La forêt est un habitat pour les hommes, les animaux et les plantes, elle fournit des ressources inestimables et c’est une alliée dans la lutte contre le changement climatique. L'humanité est le plus grand bénéficiaire de la forêt - mais c’est aussi sa plus grande menace. Au fil des siècles, la relation entre l'homme et la forêt a évolué et changé à travers le temps et l'espace. Une nouvelle exposition au Musée National Suisse de Zurich, intitulée - Dans la forêt : Une histoire culturelle - montre comment cette transformation a eu un impact profond et durable sur la culture, l'art et la littérature. Dans cette interview, James Blake Wiener parle à Pascale Meyer et à Regula Moser de cette nouvelle exposition et de l'interaction complexe entre l'homme et la forêt.
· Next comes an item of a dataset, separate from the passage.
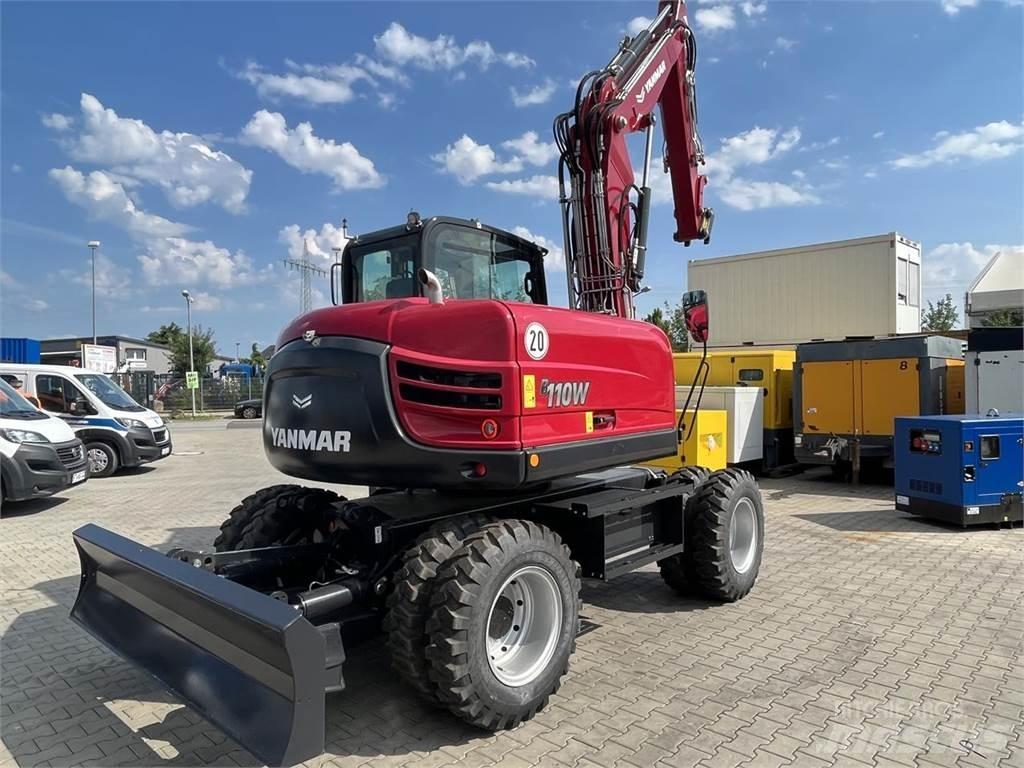 Yanmar B110W 轮式挖掘机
JBW : L'histoire pré-moderne de l'utilisation des forêts est souvent marquée par la destruction. Les Romains ont déboisé de vastes étendues autour de la Méditerranée et, au Moyen Âge, la croissance démographique s'est faite au détriment des forêts. Dans la forêt présente une plateforme d'outils de travail du bois européens du Moyen Âge et du début de l'ère moderne. Ils donnent apparemment une idée de la pénibilité du travail forestier.
Que pouvez-vous nous dire de plus sur ces outils ? Par ailleurs, diriez-vous que nous sous-estimons grandement le rôle du bois en tant que ressource naturelle pour l'humanité à l'époque prémoderne ?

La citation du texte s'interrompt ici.